Required ablations, implied baseline pressures, and implied metric signals are Method Commitment Downstream Pressure Points only. Do not write a full experiment protocol, final baseline set, or metric formula here.
## Design Attack Pass
Run a Method Design Attack Pass after reconstruction. This attacks the method structure, not the source problem's motivation. Do not repeat the Problem Reality Check unless the method contradicts the inherited problem evidence.
Check these attack dimensions:
1. Problem-Method Fit
2. Mechanism Plausibility
3. Novelty Boundary
4. Component Necessity
5. Assumption Load
6. Data / Training Feasibility
7. Evaluation Consequence
8. Scope Control
For each dimension, mark it as:
- `high-risk`: ask a live Challenge Question.
- `cleared-from-artifacts`: record why existing artifacts make the risk non-blocking.
- `blocked`: record what must be clarified before commitment can continue.
Each high-risk Challenge Question must include:
- skeptical claim
- hidden assumption being tested
- why the current design may fail
- evidence or design change that would satisfy the challenge
- provisional recommendation
- user response or explicit delegation
- resulting design decision
Ask one high-risk Challenge Question at a time and wait for the user's response before continuing.

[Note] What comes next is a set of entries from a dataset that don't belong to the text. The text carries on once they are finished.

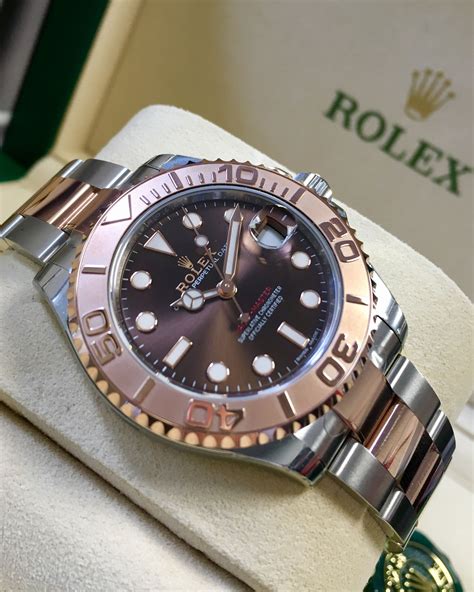 rolex yacht master 37 for sale|yacht master 37 everose gold.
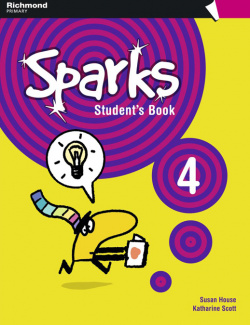 (09).SPARKS 4O.PRIM.(ALUMNO PACK)*INGLES*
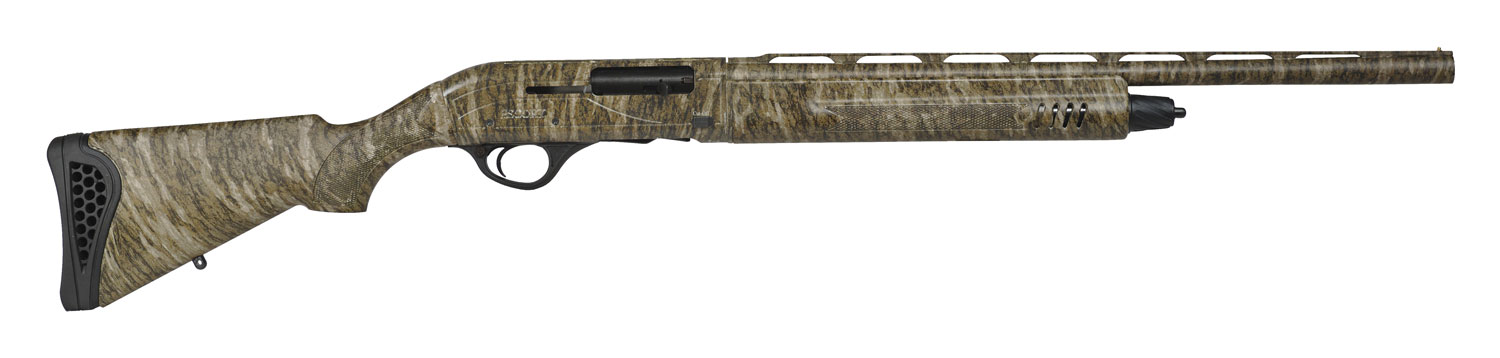 (image for) ESCORT PS YOUTH 20GA 22" CAMO SEMI-AUTO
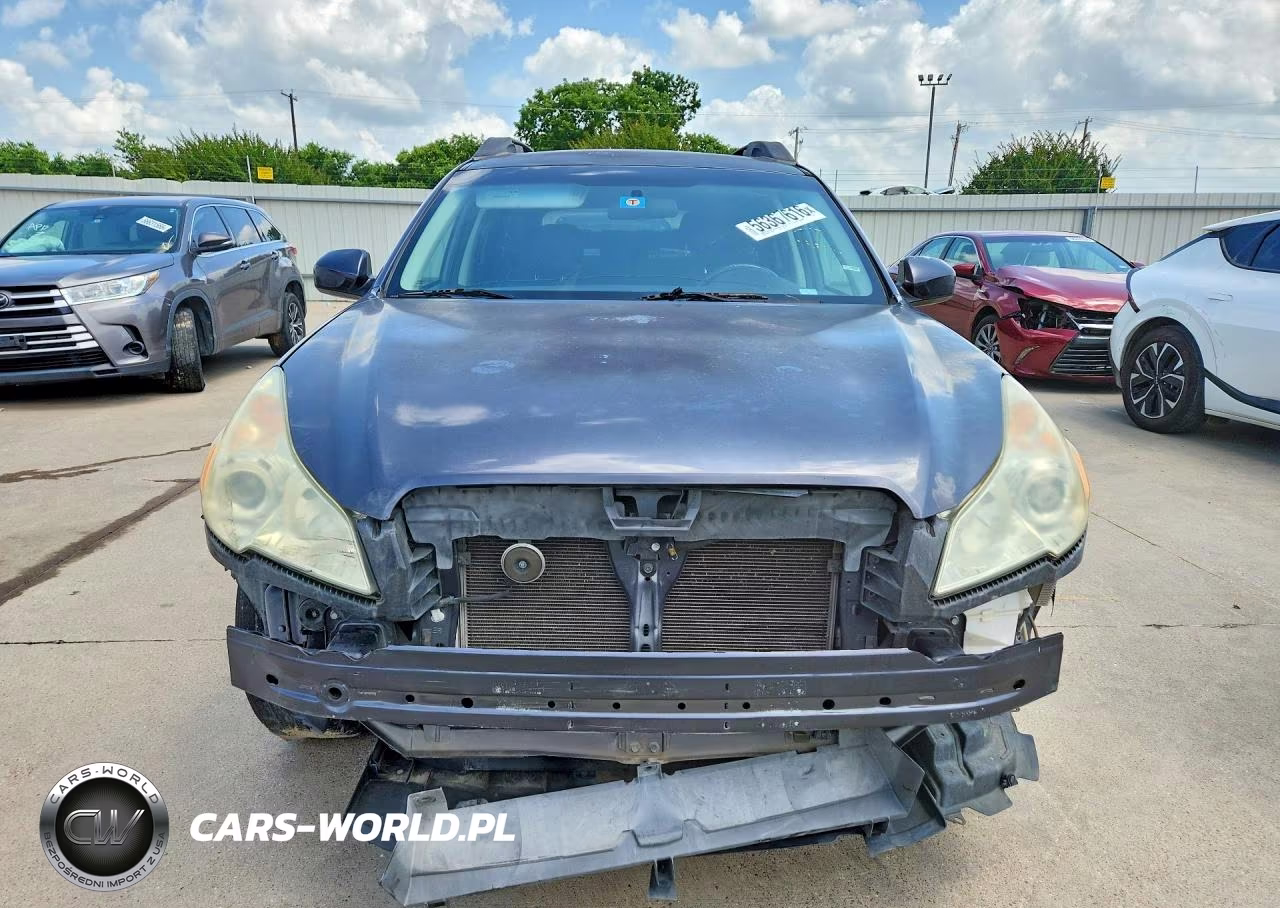 2010 Suba Outback VIN:4S4BRCHC6A1379947 - 5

If the user explicitly delegates a question, record that delegation in `method_attack_transcript.md`.
Update `method_decision_log.md` only for structure-changing decisions, such as source mode, hybrid merge rationale, method boundary, Mechanistic Claim revision, weakest link, blockers, and final status.
## Commitment Gate
Pass the Method Commitment Gate only when the user confirms or explicitly delegates:
- one Method Thesis
- one Mechanistic Claim
- one Method Commitment Source Problem
- core mechanism
- method boundary
- required inputs and outputs
- major modules
- training or inference flow
- novelty boundary
- strongest assumptions
- weakest link
- downstream pressure points
- intentionally unfrozen open decisions
- candidate blockers
`committed` requires Explicit Method Commitment Confirmation from the researcher. Agent recommendation, broad delegation, or "you decide" is not enough. Without explicit confirmation, an otherwise stable method must be `provisionally-committed` with `missing explicit human commitment` recorded as a blocker.
## Status And Output Artifacts
Assign exactly one Method Commitment Status:
- `committed`: structurally stable, explicitly confirmed by the researcher, and downstream-ready. Write `committed_method_design.md`.
- `provisionally-committed`: nearly stable, but blocked from downstream routing by named Method Commitment Blockers. Write `provisional_method_design.md`.
- `needs-redesign`: promising direction, but the current structure is not stable enough. Write `method_redesign_brief.md`.
- `reject-current-method`: the method should not continue in its current form. Write `method_rejection_note.md`.
Never write `committed_method_design.md` for `provisionally-committed`, `needs-redesign`, or `reject-current-method`.
Always write `method_commitment_summary.md`. The summary is the routing index and must include the Source Method, source problem, status, output artifact, blockers, next recommended workflow, and do-not-route warnings.
## Required Templates
Use the reference templates in this directory:
- `references/workspace-structure.md`
- `references/source-method-template.md`
- `references/method-reconstruction-template.md`
- `references/method-attack-transcript-template.md`
- `references/method-decision-log-template.md`
- `references/committed-method-design-template.md`
- `references/provisional-method-design-template.md`
- `references/method-redesign-brief-template.md`
- `references/method-rejection-note-template.md`
- `references/method-commitment-summary-template.md`
## Stop Condition
Stop when exactly one Source Method has:
- a completed Method Commitment Source Gate,
- a completed Method Commitment Context Review,
- a reconstructed Method Anatomy,
- high-risk attack dimensions answered or explicitly delegated,
- low-risk attack dimensions cleared from artifacts or marked blocked,
- a Method Attack Transcript,
- a Method Decision Log,
- a completed Method Commitment Gate,
- one Method Commitment Status,
- one status-aligned Method Commitment Output Artifact,
- a Method Commitment Summary,
- and a clear downstream routing or do-not-route decision.